Reclaiming Beatties Ford Road Corridor Through Art and History

By Sasha Manley

Johnson C. Smith University’s two-part installation highlights the Beatties Ford Road Corridor’s concerns, history and future. Over 60 years ago, a new I-277 expressway ripped through the Beatties Ford Road area off interstate 85 and exit 37, displacing residents, businesses and churches. These challenges are still happening today.

The experimental project, RCLM 37, pronounced “Reclaim 37,” is a call to action recognizing the effects of urban renewal and explaining the need to preserve and “reclaim” the neighborhood. This dedicated work also highlights two black educational advocates and former historic West End residents, Dr. Henry Lawrence McCrorey and Dr. George E. Davis.

We hope to change the attitudes of individuals on the important role in preserving, sharing, and displaying positive narratives of the Beatties Ford Road Corridor/Biddleville,” said Monika Rhue, Project Director and Director of Library Services and Curation at Johnson C. Smith University (JCSU).

“We would like to give voices to long-time residents and provide a historical perspective to new and incoming residents as this community transforms culturally,” Rhue added. 

The exhibits


The indoor exhibit first opened in April 2019 and lives in the James B. Duke Memorial Library. It features a documentary that gives voice to current residents dealing with the ongoing changes in the neighborhood. An eight-part display lines the walls with artwork, spirit wear, yearbooks and other artifacts connecting the HBCU to the community.  

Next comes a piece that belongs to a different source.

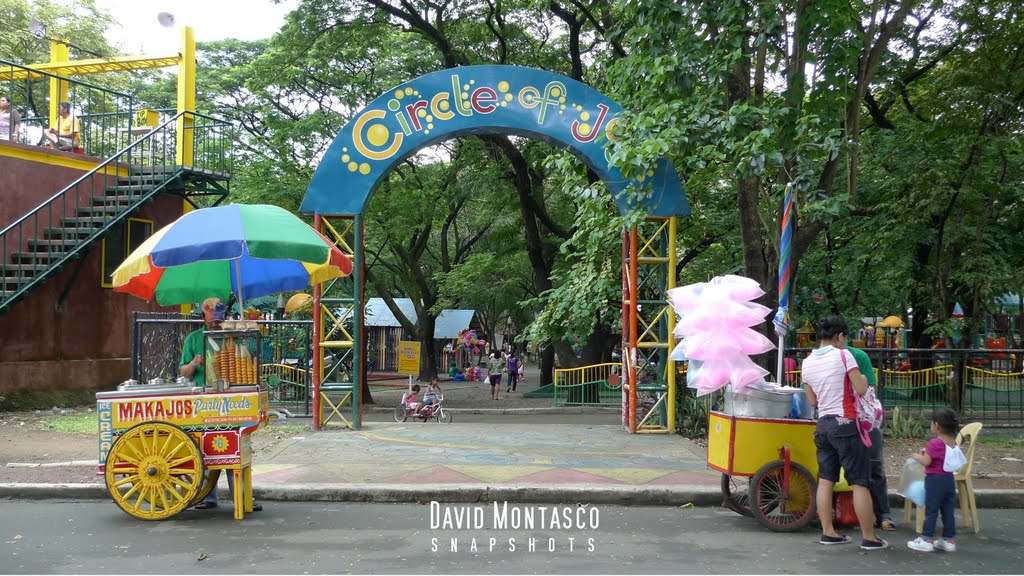 QMC Circle of Joy Welcome Arch by Montasco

Judge Shirley Fulton inspired this portion of the exhibit. Fulton played an active role in restoring one of the historic west end neighborhoods, Wesley Heights.


The second phase of the exhibit, RCLM II, sits in the classroom courtyard between the New Science Center and the Jane M. Smith Memorial Church. It features the campus’ first two outdoor sculptures—the Open Book and Beacon of Light Installation. They both display the historical contributions of Dr. McCrorey and Dr. Davis.

McCrorey became JCSU president in 1907. The Open Book display’s his handwritten letter, “The Future of the Negro.” Davis was the First Black Professor at JCSU and the First Black Professor at any southern college in 1886. The Beacon of Light is dedicated to the Biddle Memorial Hall and recognizes the students who built it.

Pillars surround the outdoor display and offer oral history lessons with a QR code scan. There, visitors can watch and listen to slideshows that share the work of McCrorey and Davis.   

The team

Many of the contributing artists are from Charlotte. Rhue hired Janelle Dunlap, RCLM’s creative director, through funding. “We wanted to incorporate people that have some relationship with the community, living in the community, and that was very important to us in this project,” Rhue said.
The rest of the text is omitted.